▸ **Records for this exercise**:
◆ ◆ ◆ ◆ ◆
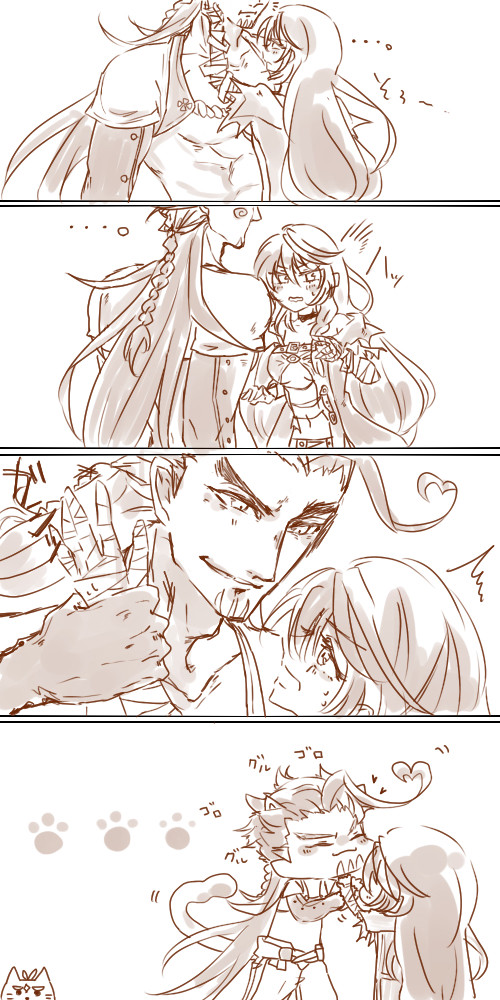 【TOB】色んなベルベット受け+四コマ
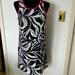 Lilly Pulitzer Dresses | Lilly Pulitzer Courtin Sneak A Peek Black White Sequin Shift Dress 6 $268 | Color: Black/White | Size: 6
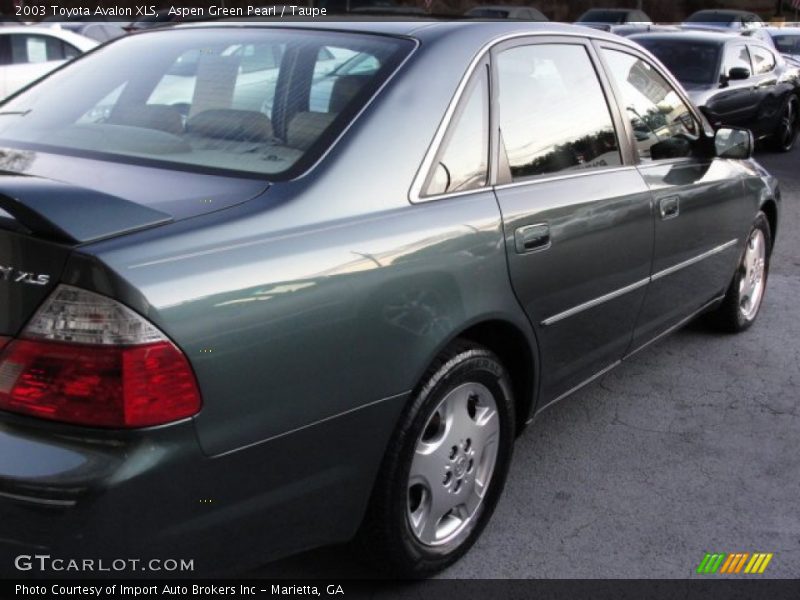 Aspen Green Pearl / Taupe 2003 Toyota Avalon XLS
◆ ◆ ◆ ◆ ◆
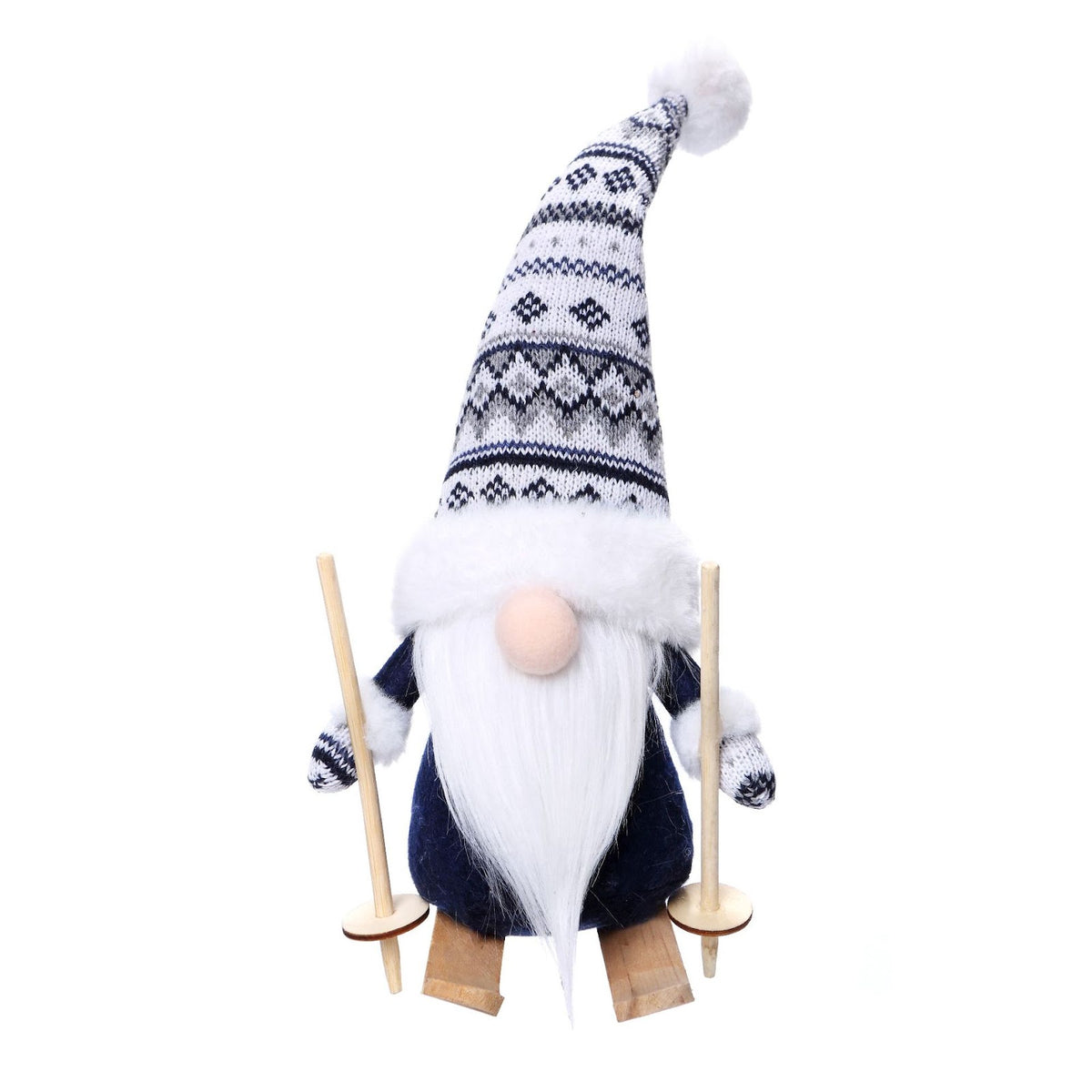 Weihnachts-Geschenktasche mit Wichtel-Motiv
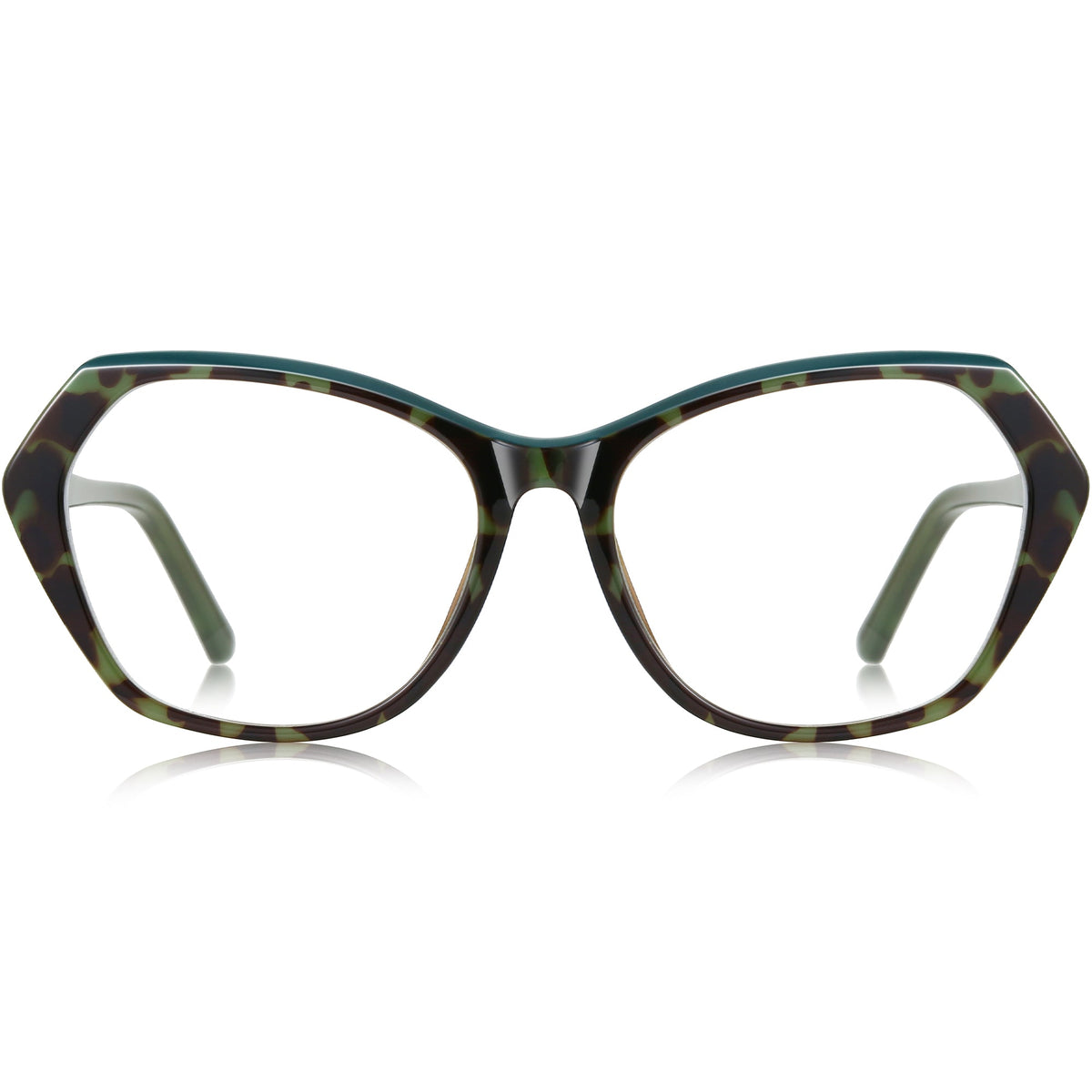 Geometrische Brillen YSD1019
◆ ◆ ◆ ◆ ◆
In the listing above, find the line with "Lilly Pulitzer Dresses" and output it and every line after it up to and including the line with "Aspen Green Pearl", exactly, minus the pictures.

▸ **Exercise output**:
 Lilly Pulitzer Dresses | Lilly Pulitzer Courtin Sneak A Peek Black White Sequin Shift Dress 6 $268 | Color: Black/White | Size: 6
 Aspen Green Pearl / Taupe 2003 Toyota Avalon XLS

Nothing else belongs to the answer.